One of the biggest problems is that the dialogue volume is all over the map. In one scene the voice-over is loud and solid then the next scene its wimpy. In the same scene dialogue from one person will be loud and dialogue from the person they're talking to will be extremely soft. This could be due to the recording equipment of the time and the fact that they shot this movie on a shoestring budget, but that doesn't make it any less annoying.
Sound effects have the same problem. One car slams into another one and there's an ear-splitting crunch, then it happens again and the sounds barely register. The rears are very light even during the intense chase scenes. The movie's music sounds tinny and static-filled. I wasn't too impressed with the audio options on this disc and I don't think you will be either.
- Audio Commentary — Head Cameraman Jack Vacek and Editor Warner Leighton provide this commentary that was recorded for the 25th anniversary release of the movie on DVD. While it does have a lot of helpful information about how they staged the car chase, this commentary feels a little underwhelming simply because these guys are being forced to remember a movie they did a couple decades ago, so most of their reminiscing comes via rose-tinted glasses.
- Introduction (SD, 3 min.) — You have the choice of playing the movie with an alternate introduction performed by Denice Halicki, the wife of H.B.
- The Life and Times of H.B. "Toby" Halicki: The Car Crash King (SD, 45 min.) — A substantive documentary on Halicki as a filmmaker who created movies with hardly any money.
- Car Crash King's "Cut to the Chases" Featurettes (SD, 38 min.) — A bunch of car chase and car crash footage from other Halicki movies.
- Interviews (SD, 18 min.) — Here we get a couple of interviews. One from Denice Halicki and the other from car kingpin Lee Iacocca.
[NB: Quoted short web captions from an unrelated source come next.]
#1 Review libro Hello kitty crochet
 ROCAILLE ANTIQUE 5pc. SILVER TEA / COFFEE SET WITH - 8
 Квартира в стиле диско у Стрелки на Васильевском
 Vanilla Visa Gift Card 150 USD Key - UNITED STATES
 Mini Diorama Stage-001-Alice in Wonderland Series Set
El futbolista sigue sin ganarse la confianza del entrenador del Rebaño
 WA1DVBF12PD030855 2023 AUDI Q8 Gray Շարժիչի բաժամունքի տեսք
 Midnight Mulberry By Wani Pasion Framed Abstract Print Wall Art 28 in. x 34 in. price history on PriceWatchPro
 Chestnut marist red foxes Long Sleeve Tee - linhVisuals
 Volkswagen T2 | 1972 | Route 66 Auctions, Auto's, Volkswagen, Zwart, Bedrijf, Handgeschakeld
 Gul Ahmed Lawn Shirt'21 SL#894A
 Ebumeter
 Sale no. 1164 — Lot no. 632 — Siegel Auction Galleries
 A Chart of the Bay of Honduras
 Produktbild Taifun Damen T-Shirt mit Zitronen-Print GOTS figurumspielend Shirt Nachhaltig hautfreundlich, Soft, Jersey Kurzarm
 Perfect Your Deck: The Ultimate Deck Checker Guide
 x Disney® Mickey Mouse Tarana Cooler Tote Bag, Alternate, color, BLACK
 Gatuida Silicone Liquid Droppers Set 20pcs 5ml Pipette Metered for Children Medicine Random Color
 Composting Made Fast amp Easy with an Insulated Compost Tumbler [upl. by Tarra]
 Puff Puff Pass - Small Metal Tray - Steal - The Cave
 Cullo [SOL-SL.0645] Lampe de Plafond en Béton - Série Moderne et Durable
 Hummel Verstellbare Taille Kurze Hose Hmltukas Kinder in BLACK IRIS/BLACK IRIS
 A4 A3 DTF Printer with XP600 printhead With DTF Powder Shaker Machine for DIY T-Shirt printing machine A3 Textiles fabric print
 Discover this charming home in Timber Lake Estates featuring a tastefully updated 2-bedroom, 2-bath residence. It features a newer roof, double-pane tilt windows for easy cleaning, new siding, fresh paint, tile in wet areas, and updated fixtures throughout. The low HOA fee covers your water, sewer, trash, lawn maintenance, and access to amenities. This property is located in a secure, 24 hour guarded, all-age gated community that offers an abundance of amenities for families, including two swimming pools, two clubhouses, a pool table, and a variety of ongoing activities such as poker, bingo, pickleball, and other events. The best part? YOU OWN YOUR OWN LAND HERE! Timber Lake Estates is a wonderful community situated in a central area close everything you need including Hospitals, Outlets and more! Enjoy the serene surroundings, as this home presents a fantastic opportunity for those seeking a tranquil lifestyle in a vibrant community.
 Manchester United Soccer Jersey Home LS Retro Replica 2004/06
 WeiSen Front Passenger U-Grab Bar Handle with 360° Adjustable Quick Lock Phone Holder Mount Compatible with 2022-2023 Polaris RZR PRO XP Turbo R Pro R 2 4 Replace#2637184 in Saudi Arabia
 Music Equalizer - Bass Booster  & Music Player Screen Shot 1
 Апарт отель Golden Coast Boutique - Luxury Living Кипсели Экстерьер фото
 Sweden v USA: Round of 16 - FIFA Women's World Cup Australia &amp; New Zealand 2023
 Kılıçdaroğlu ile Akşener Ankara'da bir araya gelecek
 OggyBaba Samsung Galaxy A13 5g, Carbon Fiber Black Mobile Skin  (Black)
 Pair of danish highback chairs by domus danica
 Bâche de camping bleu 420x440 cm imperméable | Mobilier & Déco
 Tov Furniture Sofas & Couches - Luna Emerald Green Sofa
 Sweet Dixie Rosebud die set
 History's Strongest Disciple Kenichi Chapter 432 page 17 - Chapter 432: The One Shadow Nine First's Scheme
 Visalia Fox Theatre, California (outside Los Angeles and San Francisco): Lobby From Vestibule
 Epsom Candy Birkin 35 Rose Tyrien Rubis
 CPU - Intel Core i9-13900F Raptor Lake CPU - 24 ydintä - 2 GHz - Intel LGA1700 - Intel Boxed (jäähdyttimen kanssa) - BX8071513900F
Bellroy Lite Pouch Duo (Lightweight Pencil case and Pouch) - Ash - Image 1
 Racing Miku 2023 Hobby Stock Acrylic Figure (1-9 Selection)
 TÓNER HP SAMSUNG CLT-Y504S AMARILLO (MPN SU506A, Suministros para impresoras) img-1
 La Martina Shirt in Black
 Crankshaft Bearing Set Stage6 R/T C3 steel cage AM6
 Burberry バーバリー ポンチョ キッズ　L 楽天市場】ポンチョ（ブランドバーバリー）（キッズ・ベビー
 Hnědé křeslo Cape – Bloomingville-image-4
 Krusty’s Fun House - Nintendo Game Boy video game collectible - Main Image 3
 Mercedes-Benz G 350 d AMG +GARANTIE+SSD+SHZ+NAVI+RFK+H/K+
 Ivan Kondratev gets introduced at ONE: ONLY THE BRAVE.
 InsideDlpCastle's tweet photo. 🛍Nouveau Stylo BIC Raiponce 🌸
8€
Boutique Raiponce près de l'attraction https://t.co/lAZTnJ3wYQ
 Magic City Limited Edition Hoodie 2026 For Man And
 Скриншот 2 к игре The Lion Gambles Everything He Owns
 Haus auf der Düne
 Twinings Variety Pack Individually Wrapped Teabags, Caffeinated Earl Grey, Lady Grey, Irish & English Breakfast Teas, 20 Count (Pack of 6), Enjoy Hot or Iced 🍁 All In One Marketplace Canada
I'm sure there are people out there that love Halicki's penchant for destroying cars, but without a real purpose behind the car-nage it's hard for me to love it along with them. Instead when the big chase came I felt overwhelming boredom because I didn't care for one single person or their motives behind stealing cars. Fans of the movie will be pleased with the video and may be a little dismayed at the audio. Either way, this is for fans only.